Здесь теперь самое время остановить повествование и вернуть вас в зиму 43-го, к продолжению истории нашего Гирша.
«Тогда я первым делом решил начать с долга. Папа, когда диктовал, какие дела сделать, с этого сразу начал, первой цифрой просил обозначить по перечню. Сказал, если доведётся, найди кого-нибудь из семьи его и вещь отдай. Так мне спокойней будет на том свете. А фамилия его была Волынцев, того чина из органов, которого расстреляли, помните?
Надо сказать, зима 42/43-го года резко отличалась от предыдущей.
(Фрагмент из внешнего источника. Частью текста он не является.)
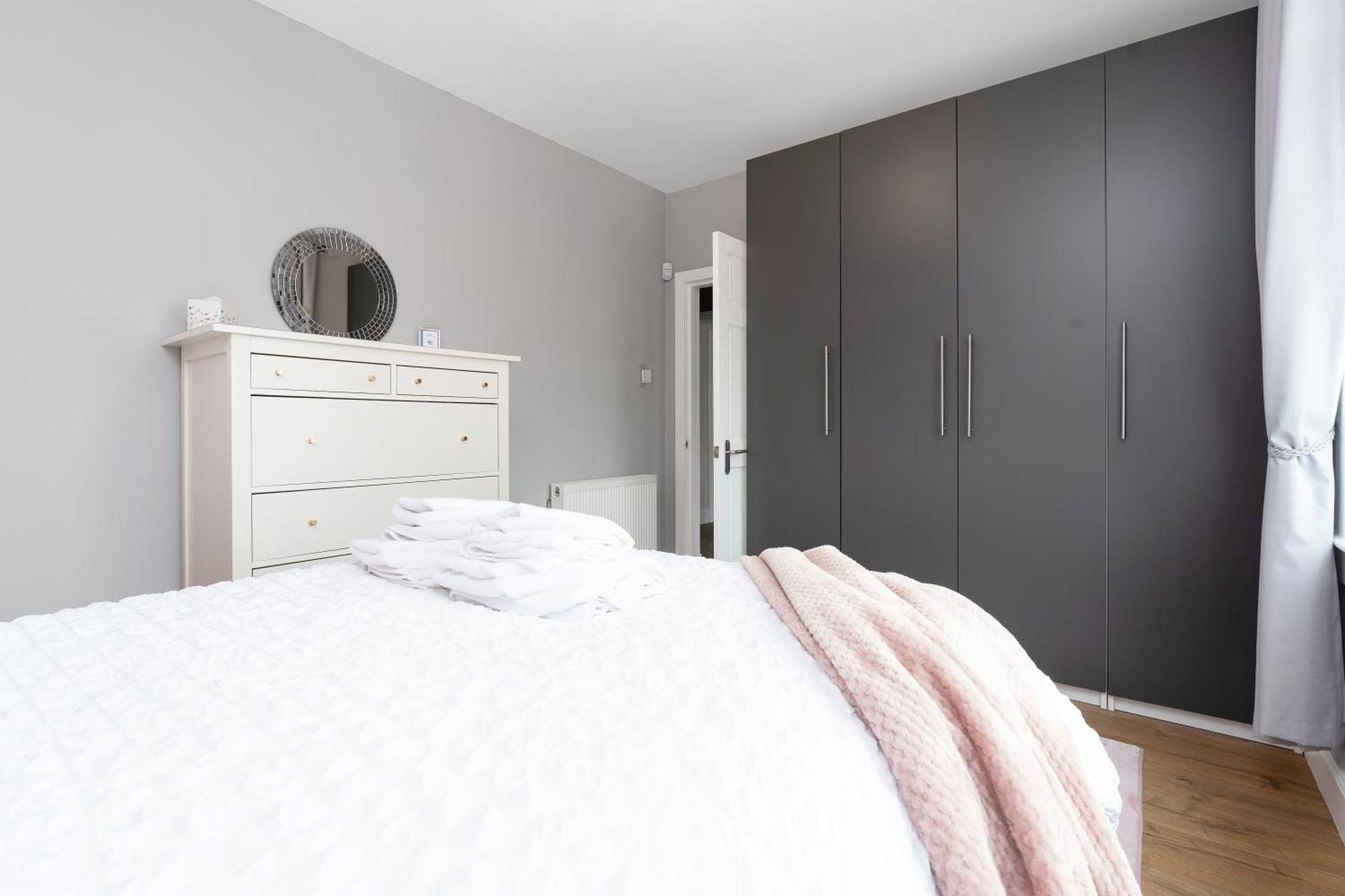 Crewe Apartment - 2 Bed, Free Off Street Parking And Private Garden Édimbourg Extérieur photo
По улицам города уже ходил общественный транспорт, не видно было снежных сугробов, мусора. Работали многие предприятия, топливо было уже, электричество. Почти во всех домах работали водопровод, канализация, открылись городские бани и всё такое. И восстановили связь, телефон включили снова, у кого был. Только с едой оставалось ужасное положение, хотя и не такое, как раньше. Потому что по чуть-чуть наши ленинградцы стали получать жиры, крупу. Даже мясо. И кто не умер, медленно начал оживать, но еле-еле.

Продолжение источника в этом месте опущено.